Start of Block

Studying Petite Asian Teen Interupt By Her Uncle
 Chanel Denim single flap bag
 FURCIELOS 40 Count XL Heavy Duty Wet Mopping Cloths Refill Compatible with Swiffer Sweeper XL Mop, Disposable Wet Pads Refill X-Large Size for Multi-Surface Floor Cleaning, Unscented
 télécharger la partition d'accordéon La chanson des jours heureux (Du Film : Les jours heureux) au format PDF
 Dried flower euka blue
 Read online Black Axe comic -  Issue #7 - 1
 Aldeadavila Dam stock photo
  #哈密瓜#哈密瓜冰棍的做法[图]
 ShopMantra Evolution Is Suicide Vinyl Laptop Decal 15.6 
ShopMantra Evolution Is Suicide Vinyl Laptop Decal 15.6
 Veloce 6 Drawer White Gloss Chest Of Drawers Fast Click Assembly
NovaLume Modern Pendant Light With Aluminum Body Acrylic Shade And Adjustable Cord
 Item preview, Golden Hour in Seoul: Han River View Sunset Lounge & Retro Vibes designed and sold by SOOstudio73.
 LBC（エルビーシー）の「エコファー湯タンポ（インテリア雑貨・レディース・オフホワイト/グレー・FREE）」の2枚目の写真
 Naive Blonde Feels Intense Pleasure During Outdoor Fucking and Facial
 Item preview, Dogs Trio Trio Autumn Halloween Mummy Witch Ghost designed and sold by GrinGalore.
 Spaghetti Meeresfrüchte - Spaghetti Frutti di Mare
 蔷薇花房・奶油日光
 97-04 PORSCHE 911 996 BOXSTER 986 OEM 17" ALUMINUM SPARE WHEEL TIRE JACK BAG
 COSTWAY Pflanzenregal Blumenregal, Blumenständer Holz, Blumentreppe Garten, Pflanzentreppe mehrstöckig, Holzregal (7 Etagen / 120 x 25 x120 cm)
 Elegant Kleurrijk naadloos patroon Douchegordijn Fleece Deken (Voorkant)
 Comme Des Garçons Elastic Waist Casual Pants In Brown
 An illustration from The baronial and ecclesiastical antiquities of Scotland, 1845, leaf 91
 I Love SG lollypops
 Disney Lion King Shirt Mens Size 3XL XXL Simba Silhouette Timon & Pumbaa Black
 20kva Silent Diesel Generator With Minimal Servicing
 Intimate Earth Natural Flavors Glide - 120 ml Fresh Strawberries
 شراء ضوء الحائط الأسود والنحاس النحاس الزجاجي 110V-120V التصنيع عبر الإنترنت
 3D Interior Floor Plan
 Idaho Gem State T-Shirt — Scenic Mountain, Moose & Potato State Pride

End of Block

The required answer is the exact run of lines above starting at the line with "Comme Des Garçons" and ending at the line with "Disney Lion King", with both ends present.

 Comme Des Garçons Elastic Waist Casual Pants In Brown
 An illustration from The baronial and ecclesiastical antiquities of Scotland, 1845, leaf 91
 I Love SG lollypops
 Disney Lion King Shirt Mens Size 3XL XXL Simba Silhouette Timon & Pumbaa Black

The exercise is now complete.